# AIM OF THE EXERCISE
Copy exactly the stretch of lines from the one holding "These tendinous cords" through the last line of the data below, inclusive. Leave out pictures.

# DATA SECTION

* * * * * * *

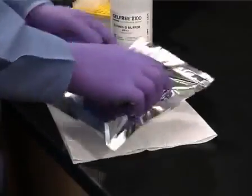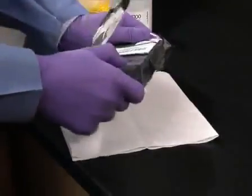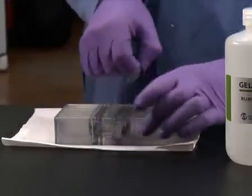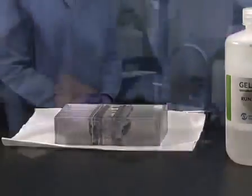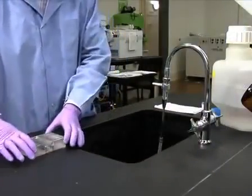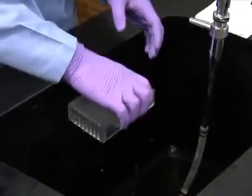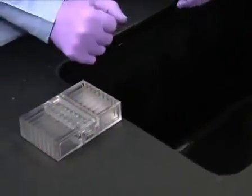Allow the heated samples to cool to room temperature. While the samples cool, remove the gel-free 8100 cartridge from the foil pouch. Remove and discard the plate sealer. Remove the storage buffer from the cartridge compartments using a pipette. If all eight chambers of the cartridge will be used, invert the cartridge to drain the storage buffer from the compartments.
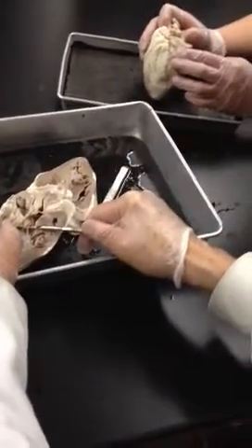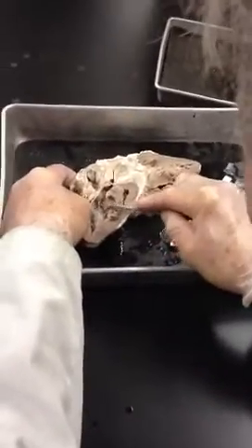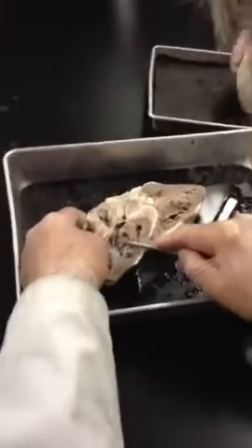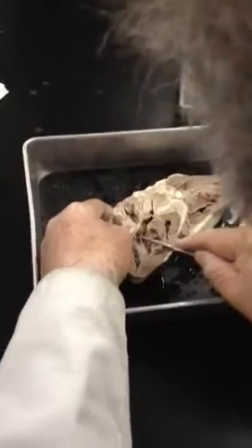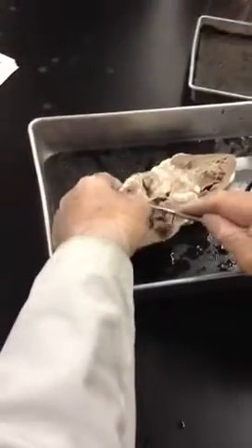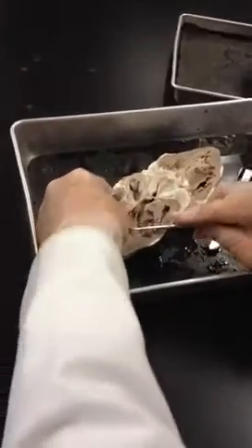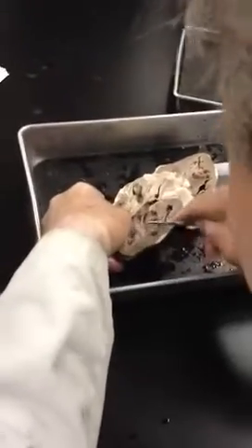These tendinous cords — that's number 20 — are attached to little muscles here called the papillary muscles. Just like a papilla sticks up, these are the papillary muscles. And this shininess that you're seeing is the endocardium — this shininess here is the endocardium.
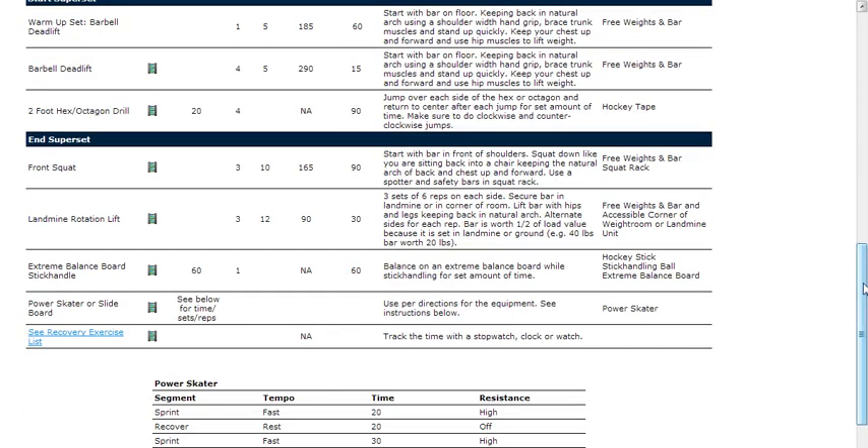Towards the bottom half of the workout I have a squat pattern — of course, lower body strength, where would I be without some type of squat? I do some core or trunk activation exercises with a laminar rotation lift, something we came up with that we think is pretty cool. There's a balance element and a stick handling element in every workout — here it is at the end. We like to kind of hide these at the end when you're a little bit fatigued. And because it's in-season, there's an aerobic component — I'll do the power skater for sprints and recovery.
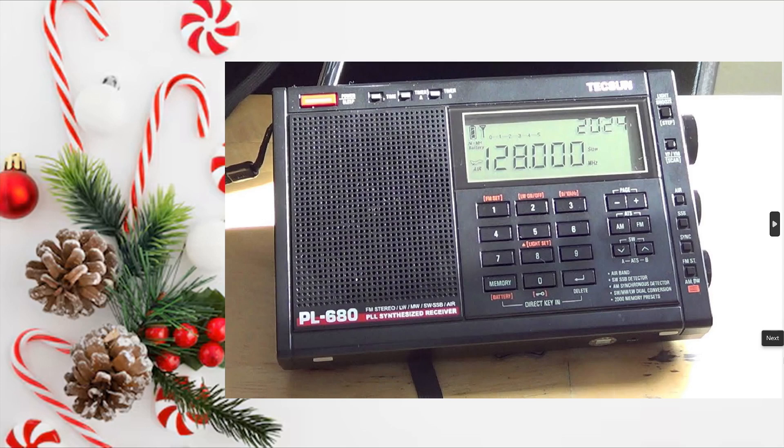So if you're looking for something that behaves a lot more like an old PLL radio rather than those new DSP radio receivers, you've got it in the Tecsun PL680. I think it's a great choice for a receiver.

* * * * * * *

# SOLUTION TO THIS PROBLEM
These tendinous cords — that's number 20 — are attached to little muscles here called the papillary muscles. Just like a papilla sticks up, these are the papillary muscles. And this shininess that you're seeing is the endocardium — this shininess here is the endocardium.
Towards the bottom half of the workout I have a squat pattern — of course, lower body strength, where would I be without some type of squat? I do some core or trunk activation exercises with a laminar rotation lift, something we came up with that we think is pretty cool. There's a balance element and a stick handling element in every workout — here it is at the end. We like to kind of hide these at the end when you're a little bit fatigued. And because it's in-season, there's an aerobic component — I'll do the power skater for sprints and recovery.
So if you're looking for something that behaves a lot more like an old PLL radio rather than those new DSP radio receivers, you've got it in the Tecsun PL680. I think it's a great choice for a receiver.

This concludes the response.